As a bass player the time I spent interacting with Sam’s Tablas was invaluable…and I still draw from those subtle bass Tabla rhythms when I get into a particularly free form jam with the right musicians today. Playing those long improvisational instrumental sets with Mick and Sam in the original Sam Gopal Dream instilled in me the importance of becoming as one with your fellow musicians…to without thinking move instantaneously together like a school of fish…as one brain. Like a form of musical telepathy really. I remember one very long improvised jam we got into at “Middle Earth Club” in Covent Garden, London in 1967. We had always jammed off this particular theme in the key of E. I was playing a Hammond B3 for this tune, although I usually played my Gibson EB0 bass for most of the others. I was playing a Tambura type drone on the lower manual that Mick and Sam were improvising over, and my right hand was playing ragas. The audience was entranced…they were sitting cross legged on the floor with their heads down…I suspect as high if not higher than we were. Suddenly without any pre-arranged signals…Mick and I simultaneously moved up a half step to the key of F. No traditional musical cues to prompt the brain into a rule based diversion…nothing. Complete and absolute spontaneity. It hit us like an emotional hurricane…filling us with a warmth…a natural high…a musical rush. Mick, Sam and I all looked up at the same time…our eyes locked and tears welled up. I haven’t experienced that feeling to quite the same intensity before or since…although I’ve come close a handful of times. The climate you are playing in has to be just right…the audience, the club, a sense of unqualified musical freedom and the confidence and complete support of your fellow musicians.
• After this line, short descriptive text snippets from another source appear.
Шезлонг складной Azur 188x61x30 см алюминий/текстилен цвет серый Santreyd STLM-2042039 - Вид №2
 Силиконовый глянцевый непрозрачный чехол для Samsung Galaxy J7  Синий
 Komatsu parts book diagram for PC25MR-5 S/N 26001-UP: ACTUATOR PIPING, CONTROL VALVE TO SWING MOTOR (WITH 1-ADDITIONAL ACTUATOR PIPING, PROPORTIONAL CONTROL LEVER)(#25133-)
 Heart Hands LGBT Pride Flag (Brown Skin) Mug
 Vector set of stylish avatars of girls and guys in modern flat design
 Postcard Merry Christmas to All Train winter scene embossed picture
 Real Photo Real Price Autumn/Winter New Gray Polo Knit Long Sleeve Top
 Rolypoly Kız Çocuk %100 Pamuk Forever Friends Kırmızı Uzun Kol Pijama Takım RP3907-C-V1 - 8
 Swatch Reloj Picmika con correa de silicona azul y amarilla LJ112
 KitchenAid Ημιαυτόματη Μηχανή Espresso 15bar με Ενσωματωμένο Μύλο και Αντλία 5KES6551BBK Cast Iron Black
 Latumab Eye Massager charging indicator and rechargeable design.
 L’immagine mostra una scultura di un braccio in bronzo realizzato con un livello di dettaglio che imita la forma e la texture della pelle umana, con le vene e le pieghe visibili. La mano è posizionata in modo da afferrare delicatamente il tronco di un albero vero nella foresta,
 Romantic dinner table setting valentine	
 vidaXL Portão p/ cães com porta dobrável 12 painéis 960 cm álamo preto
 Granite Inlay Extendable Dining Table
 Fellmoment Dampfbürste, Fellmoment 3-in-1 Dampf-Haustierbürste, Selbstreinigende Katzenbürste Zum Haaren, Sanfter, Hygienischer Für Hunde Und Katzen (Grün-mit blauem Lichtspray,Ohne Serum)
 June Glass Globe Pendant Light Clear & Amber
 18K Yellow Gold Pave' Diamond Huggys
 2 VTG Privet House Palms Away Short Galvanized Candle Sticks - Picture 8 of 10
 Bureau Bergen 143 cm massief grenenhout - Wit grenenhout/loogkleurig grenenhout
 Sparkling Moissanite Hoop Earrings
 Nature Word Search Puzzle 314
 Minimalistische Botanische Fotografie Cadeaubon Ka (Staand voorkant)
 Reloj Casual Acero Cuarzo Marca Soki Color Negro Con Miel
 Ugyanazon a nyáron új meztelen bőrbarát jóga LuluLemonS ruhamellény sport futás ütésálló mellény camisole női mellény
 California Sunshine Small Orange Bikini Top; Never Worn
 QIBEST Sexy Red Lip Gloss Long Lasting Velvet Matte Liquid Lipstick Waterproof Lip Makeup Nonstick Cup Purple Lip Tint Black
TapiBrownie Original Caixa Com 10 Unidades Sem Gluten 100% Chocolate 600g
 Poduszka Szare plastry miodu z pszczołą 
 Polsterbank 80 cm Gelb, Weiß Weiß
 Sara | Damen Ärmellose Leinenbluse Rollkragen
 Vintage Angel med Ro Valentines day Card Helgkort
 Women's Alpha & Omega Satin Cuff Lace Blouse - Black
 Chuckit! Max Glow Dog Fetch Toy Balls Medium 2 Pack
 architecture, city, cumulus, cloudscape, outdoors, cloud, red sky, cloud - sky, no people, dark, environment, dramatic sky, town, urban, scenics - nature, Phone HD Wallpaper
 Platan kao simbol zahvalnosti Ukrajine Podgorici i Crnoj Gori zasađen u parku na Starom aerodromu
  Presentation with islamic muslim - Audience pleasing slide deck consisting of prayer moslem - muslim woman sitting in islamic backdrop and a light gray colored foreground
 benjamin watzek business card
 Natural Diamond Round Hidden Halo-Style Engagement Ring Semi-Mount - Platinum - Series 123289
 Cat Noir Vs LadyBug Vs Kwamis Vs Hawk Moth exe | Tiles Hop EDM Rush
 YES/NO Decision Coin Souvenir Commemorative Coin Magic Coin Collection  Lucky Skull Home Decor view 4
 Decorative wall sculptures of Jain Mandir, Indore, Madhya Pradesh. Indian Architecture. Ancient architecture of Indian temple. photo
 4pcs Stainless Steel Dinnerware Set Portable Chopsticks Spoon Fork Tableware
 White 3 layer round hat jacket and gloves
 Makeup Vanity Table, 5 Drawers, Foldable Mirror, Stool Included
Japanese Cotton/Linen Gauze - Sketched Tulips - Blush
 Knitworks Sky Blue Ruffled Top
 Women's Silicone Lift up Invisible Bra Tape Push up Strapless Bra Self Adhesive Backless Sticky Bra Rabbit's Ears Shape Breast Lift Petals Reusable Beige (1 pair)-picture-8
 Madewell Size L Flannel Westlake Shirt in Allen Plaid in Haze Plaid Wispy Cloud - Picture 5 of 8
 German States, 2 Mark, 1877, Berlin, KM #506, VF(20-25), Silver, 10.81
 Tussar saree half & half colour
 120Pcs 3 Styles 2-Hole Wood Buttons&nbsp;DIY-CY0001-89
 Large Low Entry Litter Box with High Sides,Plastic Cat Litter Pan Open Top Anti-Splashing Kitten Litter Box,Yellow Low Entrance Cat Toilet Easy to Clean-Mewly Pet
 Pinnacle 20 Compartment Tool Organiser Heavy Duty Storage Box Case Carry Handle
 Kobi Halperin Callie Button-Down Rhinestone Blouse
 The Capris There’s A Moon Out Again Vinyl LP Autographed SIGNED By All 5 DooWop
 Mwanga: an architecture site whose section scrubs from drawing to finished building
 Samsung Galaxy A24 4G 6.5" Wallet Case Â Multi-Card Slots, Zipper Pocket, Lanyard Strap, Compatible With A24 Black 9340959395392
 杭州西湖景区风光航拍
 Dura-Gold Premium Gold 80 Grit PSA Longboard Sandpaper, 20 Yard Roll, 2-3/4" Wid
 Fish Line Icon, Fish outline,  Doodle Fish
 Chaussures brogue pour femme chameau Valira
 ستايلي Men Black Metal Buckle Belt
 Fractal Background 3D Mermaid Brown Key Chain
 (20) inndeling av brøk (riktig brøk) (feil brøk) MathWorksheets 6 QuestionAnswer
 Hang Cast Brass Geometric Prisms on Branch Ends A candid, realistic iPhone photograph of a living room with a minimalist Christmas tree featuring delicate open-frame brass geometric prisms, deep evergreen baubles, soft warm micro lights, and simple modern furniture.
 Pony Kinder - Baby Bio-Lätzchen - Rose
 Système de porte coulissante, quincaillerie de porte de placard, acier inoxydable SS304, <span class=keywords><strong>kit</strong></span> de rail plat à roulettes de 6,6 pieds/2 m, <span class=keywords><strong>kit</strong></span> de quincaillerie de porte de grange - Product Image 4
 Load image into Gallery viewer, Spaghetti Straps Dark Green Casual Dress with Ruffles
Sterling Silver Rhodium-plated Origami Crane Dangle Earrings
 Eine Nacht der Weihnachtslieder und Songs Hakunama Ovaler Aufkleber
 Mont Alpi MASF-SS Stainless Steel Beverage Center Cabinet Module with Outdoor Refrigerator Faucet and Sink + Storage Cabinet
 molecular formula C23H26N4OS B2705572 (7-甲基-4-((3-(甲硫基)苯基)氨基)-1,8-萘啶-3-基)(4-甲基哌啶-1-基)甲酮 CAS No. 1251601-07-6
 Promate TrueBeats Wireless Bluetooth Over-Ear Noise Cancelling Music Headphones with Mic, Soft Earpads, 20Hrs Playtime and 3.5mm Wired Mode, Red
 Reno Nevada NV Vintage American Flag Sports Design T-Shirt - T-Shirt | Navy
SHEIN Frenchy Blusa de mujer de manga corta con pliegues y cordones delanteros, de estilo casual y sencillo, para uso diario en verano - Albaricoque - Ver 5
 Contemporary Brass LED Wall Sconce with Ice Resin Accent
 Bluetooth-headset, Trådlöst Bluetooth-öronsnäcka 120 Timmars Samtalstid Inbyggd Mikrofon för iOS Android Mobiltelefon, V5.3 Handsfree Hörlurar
The listener feeds the band and the band feeds the listener…it’s cyclical.”

Here’s Lemmy singing Donovan’s Season of the Witch, This was from the 2017 cd extended release

https://m.youtube.com/watch?v=0KGgOFFQxnY

those times are not the track length, if you follow the youtube link and go to the comments it was copy/pasted from, the listed times are links you can use to skip around the tracks. track 5, grass, is not 13min 12 seconds long, its 13min and 12 seconds into the youtube video

which one is pete on the album cover? second from the left?